L’idée à retenir est, pour l’instant, que la performance au sens butlérien peut être considérée comme une forme de Bildung au sens du roman d’apprentissage. Une construction de soi est toujours peu ou prou une « performance » de genre. Les personnages se forment, ou mieux dit, ils se construisent un genre. Il s’ensuit que, s’il fallait trouver une forme littéraire adaptée au récit de construction de soi comme « performance », et en jouant alors sur le double sens du mot « genre » dans le contexte qui nous intéresse, on aurait à choisir le Bildungsroman. Aussi curieux que cela puisse paraître, Butler et, par exemple, Stendhal font bon ménage. Pensons au Rouge et le Noir. Une lecture « performative » au sens butlérien du roman stendhalien est possible. La formation de Julien se résume comme une recherche de son « genre », son « identité », si nous pouvons dire, tout au long de son parcours. Il accumule de ce point de vue les échecs. Toutefois, il aboutit à une « performance » brillante, quoique tragique, à la fin du roman.

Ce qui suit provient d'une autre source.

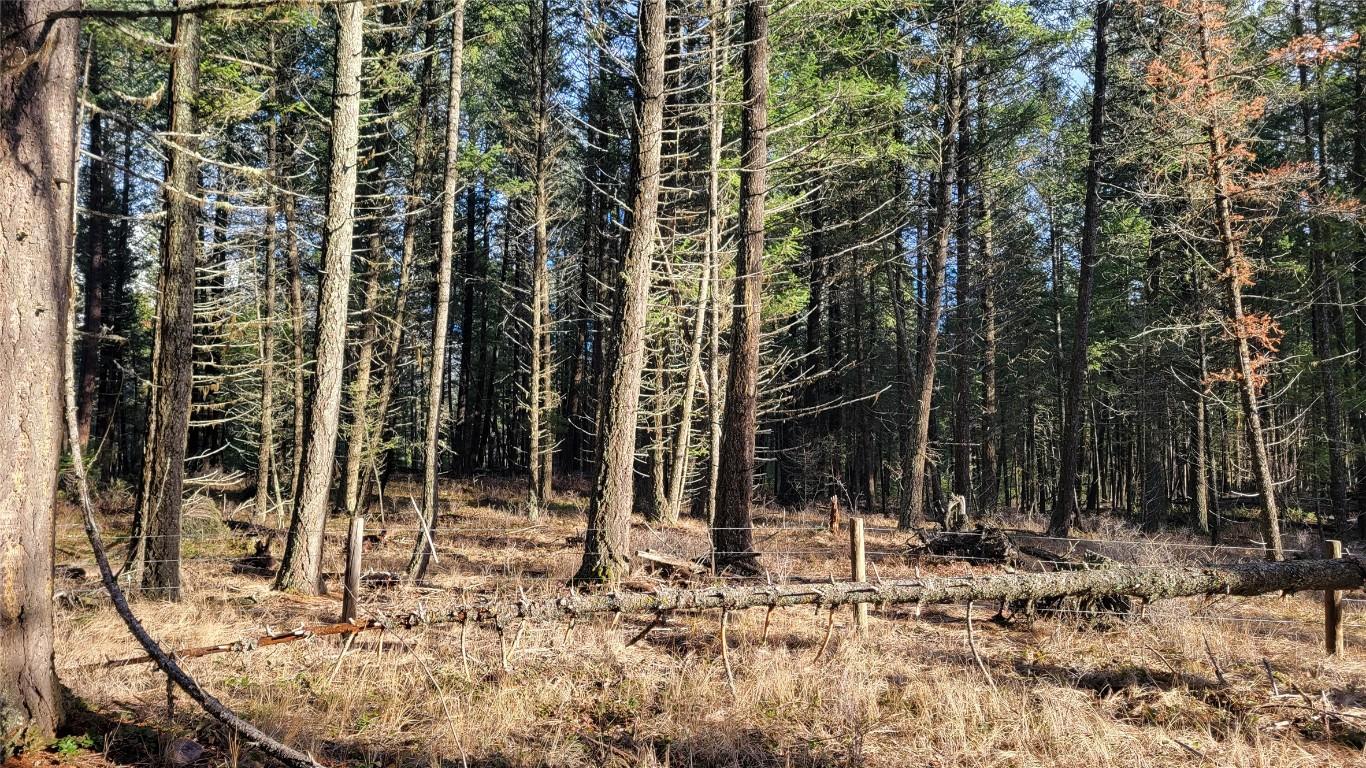 












Rosen Heights

Road,
Jaffray,







BC
V0B 1T0


Un parcours similaire peut être repéré dans la production romanesque d’Édouard Louis. Celui-ci est une des nouvelles voix LGBTQ+ dans le champ littéraire français. Depuis son début littéraire, En finir avec Eddy Bellegueule (2014),[2] l’étoile de Louis dans le champ contemporain n’a cessé de monter. Il s’est servi de sa notoriété afin de soutenir une position progressiste dans bon nombre de débats sociétaux actuels. Il a, par exemple, donné son appui au mouvement antiraciste à la suite de la mort d’Adama Traoré (Arvers, 2019). L’engagement politique de Louis est également visible dans sa production littéraire. L’auteur transforme son vécu en littérature pour mieux comprendre, en slalomant entre autofiction et étude sociologique, certains enjeux pour lui déterminants. En finir avec Eddy Bellegueule montre l’homophobie qui existe dans les classes populaires et qui est liée à une forme de marginalisation à la fois sociale et idéologique. Histoire de la violence (2016) retrace l’histoire d’un viol et d’une tentative de meurtre mêlée aux problématiques de la colonisation, du racisme et de l’homophobie. Bruno Blanckeman (2017a, p. 155) considère qu’En finir avec Eddy Bellegueule et Histoire de la violence peuvent être lus comme un seul roman. Nous partageons ce point de vue. Le deuxième roman consiste en le deuxième volet de l’histoire d’Édouard. Le lecteur retrouve le même protagoniste, qui, quoique plus âgé, est confronté à de nouveaux contretemps. Dans cet article, nous considérons les deux romans comme une histoire de formation. Dans Qui a tué mon père (2018), il s’agit de la possible coexistence d’une lutte antiraciste et de la condamnation des politiques néolibérales. Combats et métamorphoses d’une femme (2021), enfin, raconte l’histoire de la mère d’Édouard Louis et des dominations qu’elle a subies. En somme, Louis fait partie d’un nouveau courant littéraire, pour lequel « la littérature est aujourd’hui le moyen d’action par défaut lorsque toutes les autres remédiations politiques ou sociales sont devenues indisponibles » (Gefen, 2021, p. 224-225). Par le biais de la littérature, autrement dit, Louis cherche à critiquer des réalités françaises contemporaines, voire à offrir des voies vers un monde meilleur.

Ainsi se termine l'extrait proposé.